BD2KGenomics / toil-scripts

Toil workflows for common genomic pipelines
Apache License 2.0
32 stars 18 forks source link

Write new alignment pipeline #45

Closed jvivian closed 8 years ago

jvivian commented 8 years ago

Will be borrowing the methodology from Arjun's pipeline: https://github.com/arkal/docker_scripts/blob/master/precision_immuno.py

jvivian commented 8 years ago

It's been written, I just need to do a test run.

jvivian commented 8 years ago

I've been trying to figure this issue out for over a day now, but in the final reheader step of the program I'm getting a memory leak in docker, in that memory usage monotonically increases until the daemon crashes. I've upgraded samtools version to 1.2, and tried 3 different versions of docker all to no avail. This issue is reproducible outside of Toil by just calling the container. Arjun hasn't run into this problem despite using the same technique (I borrowed his methodology), so I'm not sure what the issue is, but it's really annoying.
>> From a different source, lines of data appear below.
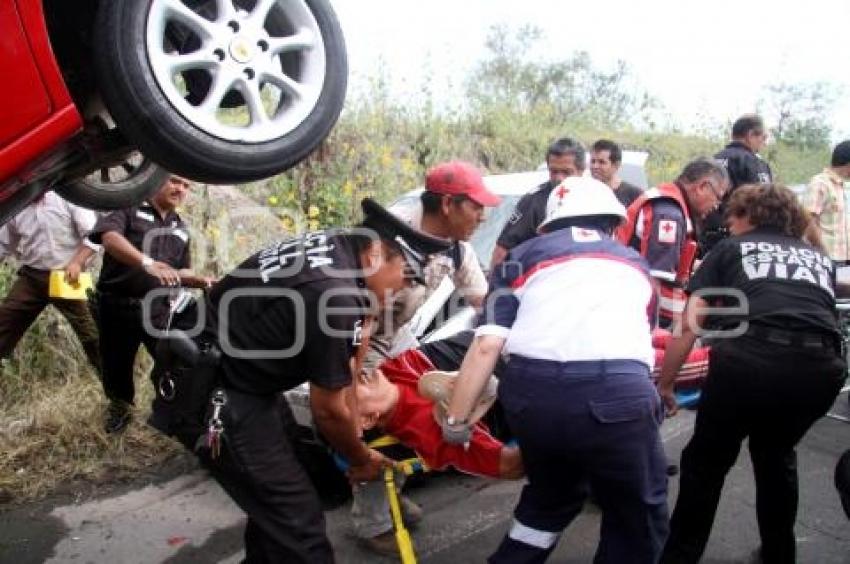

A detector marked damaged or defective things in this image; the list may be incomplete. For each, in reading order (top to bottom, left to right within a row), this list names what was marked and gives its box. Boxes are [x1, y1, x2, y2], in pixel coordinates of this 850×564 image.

overturned red vehicle [0, 0, 344, 224]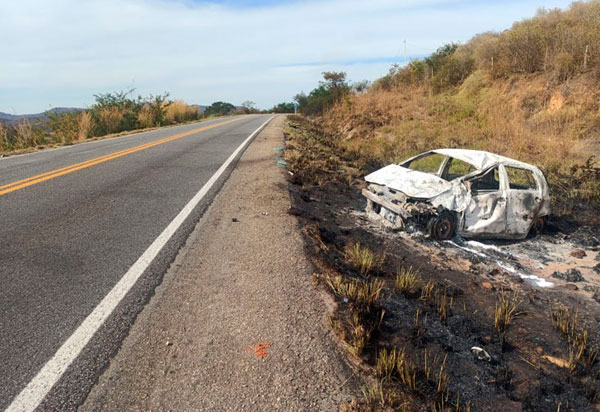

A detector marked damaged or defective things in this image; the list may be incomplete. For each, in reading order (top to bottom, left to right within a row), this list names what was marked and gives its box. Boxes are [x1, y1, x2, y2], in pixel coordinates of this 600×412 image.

burnt tire [428, 212, 458, 241]
charred car debris [364, 148, 552, 240]
burned car wreck [364, 149, 552, 240]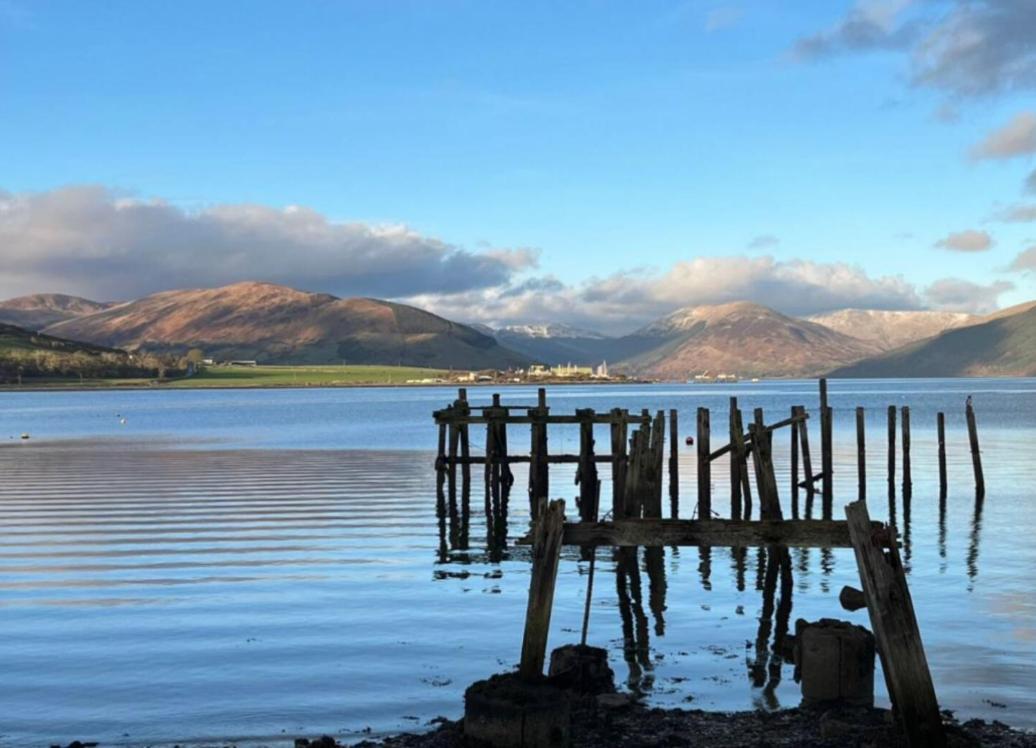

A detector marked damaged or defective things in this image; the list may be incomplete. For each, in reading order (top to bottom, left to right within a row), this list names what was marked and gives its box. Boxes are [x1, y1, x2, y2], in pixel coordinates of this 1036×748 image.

broken post [696, 408, 712, 518]
broken post [965, 399, 982, 497]
broken post [518, 497, 567, 679]
broken post [845, 497, 944, 741]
Ultimately a (slower) workaround would be BAM->SAM->BAM conversion to adjust the header which i'd rather not do.

pic

sudo docker run --rm --log-driver=none -v $(pwd):/data quay.io/ucsc_cgl/samtools reheader output_bam.header aligned.bam > test.bam
Jeltje commented 8 years ago

How frustrating. I think reheadering has been a bit of an issue with samtools, but I don't know why. Do you not see the problem when you run Arjun's tool on the same inputs? Do you see it on all inputs? I remember having issues running Varscan on samtools output (earlier versions) with some bam files in a set but not others. Highly annoying (and in my case solved by using an earlier version of samtools).